2) The committer didn't sign a CLA yet.
" To me as a non-native speaker, the difference between 'him' and 'them' seems academic but hey (...)"
The difference here is not so much in language as in culture. The Dutch language has similar gender distinctions as English. Subtle differences are that: - Our nouns are male/neutral or female, similar to French 'le' or 'la' - We cannot make neutral possessive ('its') and are limited to 'his' or 'her'
For the rest it is pretty much like English, including 'him', 'her', 'they' and 'them'. Also Ben should have good knowledge of English as any young and educated dutchman.
The difference is more likely cultural. Americans seem much to be much more easily triggered by signs of potential gender inequality or racism. The Dutch are more tolerant/rude and the humor often flirts with political incorrectness. In short Ben (and I) would not have sensed this as a potential agitator.
But is it an actually big deal for native speakers? I realize that some people think it's important, but then some people also think that you can't swear in comments and can't use "retard" as a summary opinion about someone else. In live, non-corporate language would any native speaker in fact routinely use "they" instead of "he" when referring to a user?
The entire time that nerd rage battle was occurring I wanted nothing more than to be able to magically erase both the original commit and reversion from history, since it had nothing to do with the project, wasn't productive and was a distraction of many people's valuable time from things that actually matter for Node.js.
Seriously, if you want to bikeshed over pronouns instead of contribute working code, GTFO and go blag about it somewhere else.
What got me going on this was Douglas Hofstadter's "A Person Paper on the Purity of Language" [2], which I read long ago in college. For me it's been a very gradual change; I don't like language forcing me in directions I don't want. Similarly, I've experimented with E-Prime [3] over the years.
[1] http://en.wikipedia.org/wiki/Singular_they
[2] http://www.cs.virginia.edu/~evans/cs655/readings/purity.html
I thought it a brilliant hack.
Yes, lots of people choose to use words like "the user" rather than "he". Or they use "he" and "she" throughout the documentation. Or they'll use singular "they".
> But is it an actually big deal for native speakers?

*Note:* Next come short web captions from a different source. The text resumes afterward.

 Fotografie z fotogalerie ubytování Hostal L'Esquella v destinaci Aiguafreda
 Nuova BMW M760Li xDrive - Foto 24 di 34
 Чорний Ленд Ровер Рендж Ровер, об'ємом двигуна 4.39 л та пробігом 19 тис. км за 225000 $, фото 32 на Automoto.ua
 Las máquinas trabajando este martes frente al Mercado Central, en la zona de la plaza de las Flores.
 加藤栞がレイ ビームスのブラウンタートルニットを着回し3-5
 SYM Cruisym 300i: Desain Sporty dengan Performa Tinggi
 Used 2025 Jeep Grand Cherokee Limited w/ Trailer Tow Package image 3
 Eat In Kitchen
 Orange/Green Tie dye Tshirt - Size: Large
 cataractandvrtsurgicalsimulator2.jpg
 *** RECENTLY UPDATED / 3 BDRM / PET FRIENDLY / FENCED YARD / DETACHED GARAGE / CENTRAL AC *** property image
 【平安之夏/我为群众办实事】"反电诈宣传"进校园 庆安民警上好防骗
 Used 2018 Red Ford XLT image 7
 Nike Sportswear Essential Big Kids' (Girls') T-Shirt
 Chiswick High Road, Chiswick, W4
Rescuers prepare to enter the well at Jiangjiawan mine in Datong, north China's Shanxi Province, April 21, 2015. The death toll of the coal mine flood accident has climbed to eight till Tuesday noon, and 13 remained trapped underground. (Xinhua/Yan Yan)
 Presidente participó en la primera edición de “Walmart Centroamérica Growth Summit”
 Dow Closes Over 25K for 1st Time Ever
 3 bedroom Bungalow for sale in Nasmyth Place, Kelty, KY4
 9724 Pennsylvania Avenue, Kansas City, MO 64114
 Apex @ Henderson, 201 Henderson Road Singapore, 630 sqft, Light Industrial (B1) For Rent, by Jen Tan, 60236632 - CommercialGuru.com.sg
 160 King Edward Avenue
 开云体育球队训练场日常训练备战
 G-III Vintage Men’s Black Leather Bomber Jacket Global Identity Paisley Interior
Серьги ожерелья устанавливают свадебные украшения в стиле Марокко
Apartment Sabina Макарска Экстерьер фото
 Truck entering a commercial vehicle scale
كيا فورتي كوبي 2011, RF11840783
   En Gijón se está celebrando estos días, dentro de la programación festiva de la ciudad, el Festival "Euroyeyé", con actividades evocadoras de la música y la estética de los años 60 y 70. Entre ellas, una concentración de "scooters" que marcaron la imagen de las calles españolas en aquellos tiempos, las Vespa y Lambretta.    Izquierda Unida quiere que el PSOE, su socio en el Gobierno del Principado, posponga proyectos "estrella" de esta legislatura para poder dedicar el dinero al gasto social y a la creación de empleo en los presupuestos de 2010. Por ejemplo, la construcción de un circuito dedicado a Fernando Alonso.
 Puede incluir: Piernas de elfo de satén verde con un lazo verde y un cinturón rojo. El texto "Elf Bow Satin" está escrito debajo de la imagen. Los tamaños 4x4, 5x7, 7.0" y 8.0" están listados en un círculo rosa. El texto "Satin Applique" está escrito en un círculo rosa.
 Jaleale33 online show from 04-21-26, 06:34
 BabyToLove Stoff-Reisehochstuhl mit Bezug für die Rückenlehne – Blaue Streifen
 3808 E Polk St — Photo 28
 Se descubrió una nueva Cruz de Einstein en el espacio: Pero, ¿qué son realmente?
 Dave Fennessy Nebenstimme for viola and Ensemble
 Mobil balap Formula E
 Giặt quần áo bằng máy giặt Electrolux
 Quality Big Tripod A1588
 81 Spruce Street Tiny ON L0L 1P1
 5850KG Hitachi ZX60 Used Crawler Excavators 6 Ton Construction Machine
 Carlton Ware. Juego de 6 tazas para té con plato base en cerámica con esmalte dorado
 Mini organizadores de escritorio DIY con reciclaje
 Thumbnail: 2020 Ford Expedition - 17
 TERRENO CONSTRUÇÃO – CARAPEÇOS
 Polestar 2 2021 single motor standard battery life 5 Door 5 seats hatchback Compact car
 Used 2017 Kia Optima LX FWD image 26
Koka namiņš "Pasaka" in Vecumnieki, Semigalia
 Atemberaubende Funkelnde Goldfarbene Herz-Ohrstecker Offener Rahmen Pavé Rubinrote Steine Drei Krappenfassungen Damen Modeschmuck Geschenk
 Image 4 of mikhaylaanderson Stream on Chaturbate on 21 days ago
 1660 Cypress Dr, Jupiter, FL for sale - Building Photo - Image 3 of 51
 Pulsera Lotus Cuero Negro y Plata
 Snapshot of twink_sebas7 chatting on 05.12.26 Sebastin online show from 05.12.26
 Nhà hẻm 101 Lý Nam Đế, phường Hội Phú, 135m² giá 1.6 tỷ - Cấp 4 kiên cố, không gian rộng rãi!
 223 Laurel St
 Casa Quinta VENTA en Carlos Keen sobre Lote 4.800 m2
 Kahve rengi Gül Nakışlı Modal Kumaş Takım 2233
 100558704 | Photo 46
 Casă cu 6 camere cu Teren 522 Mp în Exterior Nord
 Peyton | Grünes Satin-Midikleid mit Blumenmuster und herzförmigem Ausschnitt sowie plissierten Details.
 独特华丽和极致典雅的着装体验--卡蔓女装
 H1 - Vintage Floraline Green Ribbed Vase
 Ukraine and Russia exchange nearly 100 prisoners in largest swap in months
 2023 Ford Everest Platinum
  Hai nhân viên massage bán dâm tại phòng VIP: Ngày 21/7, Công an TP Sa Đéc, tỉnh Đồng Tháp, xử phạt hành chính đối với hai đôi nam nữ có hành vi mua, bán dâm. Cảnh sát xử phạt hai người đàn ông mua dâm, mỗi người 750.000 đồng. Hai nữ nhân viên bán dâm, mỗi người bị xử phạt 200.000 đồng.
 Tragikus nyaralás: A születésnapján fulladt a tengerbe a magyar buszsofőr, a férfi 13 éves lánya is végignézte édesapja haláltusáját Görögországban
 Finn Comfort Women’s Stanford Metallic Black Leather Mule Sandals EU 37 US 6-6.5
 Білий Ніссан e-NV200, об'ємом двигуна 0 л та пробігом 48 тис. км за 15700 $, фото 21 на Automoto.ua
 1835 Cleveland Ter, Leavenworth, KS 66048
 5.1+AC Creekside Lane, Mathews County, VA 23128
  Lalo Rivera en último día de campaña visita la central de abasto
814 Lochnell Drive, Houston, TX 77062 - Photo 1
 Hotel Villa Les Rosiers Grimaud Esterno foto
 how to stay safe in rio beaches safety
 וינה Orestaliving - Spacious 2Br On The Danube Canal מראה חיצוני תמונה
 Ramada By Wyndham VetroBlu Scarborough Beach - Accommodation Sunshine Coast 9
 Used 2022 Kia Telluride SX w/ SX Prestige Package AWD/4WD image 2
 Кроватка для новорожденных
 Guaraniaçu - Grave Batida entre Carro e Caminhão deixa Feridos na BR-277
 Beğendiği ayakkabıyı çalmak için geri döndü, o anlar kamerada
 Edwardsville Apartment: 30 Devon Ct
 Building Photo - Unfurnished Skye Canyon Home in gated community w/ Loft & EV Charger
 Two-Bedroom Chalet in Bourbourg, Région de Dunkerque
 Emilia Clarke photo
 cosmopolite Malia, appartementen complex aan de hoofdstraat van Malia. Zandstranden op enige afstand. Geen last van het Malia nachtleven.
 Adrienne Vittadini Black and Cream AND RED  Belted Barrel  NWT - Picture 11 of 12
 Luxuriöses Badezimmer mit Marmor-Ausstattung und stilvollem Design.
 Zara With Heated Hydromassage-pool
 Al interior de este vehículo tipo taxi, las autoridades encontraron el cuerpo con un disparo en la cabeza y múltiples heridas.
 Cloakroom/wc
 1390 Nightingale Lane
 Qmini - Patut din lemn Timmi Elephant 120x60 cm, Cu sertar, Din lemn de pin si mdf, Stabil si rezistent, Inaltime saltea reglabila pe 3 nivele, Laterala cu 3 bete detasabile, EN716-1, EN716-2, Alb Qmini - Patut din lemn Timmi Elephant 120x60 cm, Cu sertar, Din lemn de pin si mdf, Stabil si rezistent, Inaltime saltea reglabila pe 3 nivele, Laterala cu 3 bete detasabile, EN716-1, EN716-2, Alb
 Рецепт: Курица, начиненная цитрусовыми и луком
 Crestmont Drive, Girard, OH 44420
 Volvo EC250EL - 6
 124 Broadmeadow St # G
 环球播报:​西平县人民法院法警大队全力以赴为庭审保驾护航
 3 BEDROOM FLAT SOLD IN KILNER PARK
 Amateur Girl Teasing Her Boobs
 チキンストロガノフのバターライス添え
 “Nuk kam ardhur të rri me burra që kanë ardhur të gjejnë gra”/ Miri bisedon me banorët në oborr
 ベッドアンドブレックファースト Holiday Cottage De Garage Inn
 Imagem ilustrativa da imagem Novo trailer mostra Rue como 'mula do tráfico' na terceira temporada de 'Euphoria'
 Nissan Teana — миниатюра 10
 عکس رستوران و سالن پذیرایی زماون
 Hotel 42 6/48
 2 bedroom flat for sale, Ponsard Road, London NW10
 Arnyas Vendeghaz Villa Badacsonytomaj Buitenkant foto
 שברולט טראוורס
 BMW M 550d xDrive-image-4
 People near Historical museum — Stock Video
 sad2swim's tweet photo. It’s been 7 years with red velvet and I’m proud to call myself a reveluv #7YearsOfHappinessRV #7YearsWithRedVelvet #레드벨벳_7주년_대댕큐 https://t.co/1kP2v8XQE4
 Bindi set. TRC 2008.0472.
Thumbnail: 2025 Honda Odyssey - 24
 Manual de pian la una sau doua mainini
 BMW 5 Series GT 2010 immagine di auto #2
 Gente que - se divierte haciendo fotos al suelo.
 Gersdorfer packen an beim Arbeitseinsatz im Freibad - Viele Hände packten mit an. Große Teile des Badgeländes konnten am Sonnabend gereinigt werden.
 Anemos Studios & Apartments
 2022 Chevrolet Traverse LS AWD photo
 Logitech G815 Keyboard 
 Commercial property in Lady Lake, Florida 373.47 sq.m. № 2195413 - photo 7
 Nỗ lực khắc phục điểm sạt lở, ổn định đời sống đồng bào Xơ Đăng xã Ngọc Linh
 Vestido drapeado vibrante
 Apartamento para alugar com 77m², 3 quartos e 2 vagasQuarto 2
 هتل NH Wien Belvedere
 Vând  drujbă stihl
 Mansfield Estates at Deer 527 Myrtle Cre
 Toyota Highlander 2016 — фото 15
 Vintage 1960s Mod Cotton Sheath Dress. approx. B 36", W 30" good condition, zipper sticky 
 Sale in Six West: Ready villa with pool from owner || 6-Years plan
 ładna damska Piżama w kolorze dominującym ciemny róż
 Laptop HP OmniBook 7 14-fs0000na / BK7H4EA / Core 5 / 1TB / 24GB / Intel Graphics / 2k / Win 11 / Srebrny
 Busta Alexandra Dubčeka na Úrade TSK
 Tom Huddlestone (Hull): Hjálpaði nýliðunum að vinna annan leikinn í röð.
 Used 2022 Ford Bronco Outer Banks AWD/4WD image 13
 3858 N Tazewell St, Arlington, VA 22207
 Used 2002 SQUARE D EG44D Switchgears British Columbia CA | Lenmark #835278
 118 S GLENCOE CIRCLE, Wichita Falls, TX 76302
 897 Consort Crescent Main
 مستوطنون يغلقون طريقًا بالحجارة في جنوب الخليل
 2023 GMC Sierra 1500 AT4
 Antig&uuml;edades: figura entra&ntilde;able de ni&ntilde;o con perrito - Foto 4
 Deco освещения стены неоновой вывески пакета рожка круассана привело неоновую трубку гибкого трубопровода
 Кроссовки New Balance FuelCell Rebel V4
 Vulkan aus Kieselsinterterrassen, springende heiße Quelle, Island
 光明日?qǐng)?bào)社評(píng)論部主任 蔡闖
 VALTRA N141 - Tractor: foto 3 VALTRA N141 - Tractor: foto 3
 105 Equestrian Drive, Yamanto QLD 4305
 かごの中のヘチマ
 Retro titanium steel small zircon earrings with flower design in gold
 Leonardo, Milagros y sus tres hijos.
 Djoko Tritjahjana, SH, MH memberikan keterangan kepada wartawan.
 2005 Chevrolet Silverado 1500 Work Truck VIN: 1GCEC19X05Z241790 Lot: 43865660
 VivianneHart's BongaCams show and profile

For some people it is a big deal because they are that type of person. For other people it's not a big deal but they do it anyway, just because.
Also: not passing any judgement on Ben's actions here, just talking about the gender politics.
In terms of comments in a source code or even documentation, I've read plenty of times where it's "she" or "he" and honestly don't care too much... "they" imho is a bit too generic and would rather see "the user" or just "user" as the generic.
I think it's mostly bullshit. Even more so given that some words in many languages have a gender leaning... is it "le user" or "la user"? Given that, one would probably be more appropriate.
Everyone has his own reason for choosing a particular pronoun. Some people do it because they think it is less sexist. Some people do it because they want to be part of the in-group, and they see others doing it. Some people are personally offended by the generic "he" and want to refer to both genders so they use the singular "they" or the awkward "he/she".
2) Ben rejected the change over 40 minutes after the submitter stated he had submitted a CLA.
I am the only full-time monolingual employee of the company I work for, the only one who does not speak Mandarin, the only one whose mother tongue is English, the only one who grew up in a primarily English-speaking country, and one of maybe four who would be classified as fluent in English (and that count is probably high).
You can't imagine the things that pass through my inbox every day. I've worked for this company for years. This would be impossible were I not understanding of the failings of non-native speakers.
But when I need to correct their formal English (not often, because it only occasionally matters, since our target market is mostly Chinese), not one of my co-workers dismisses it out-of-hand. They know their limits, and immediately seek to understand what is going on, rather than ignoring the issue.
This has been my (much more limited) experience with non-native speakers from other parts of Asia and Europe, as well. Encountering a non-native speaker who does not behave this way is rare, I can think of only twice that I've personally run into it, and both times it involved people who had severe interpersonal issues well beyond language.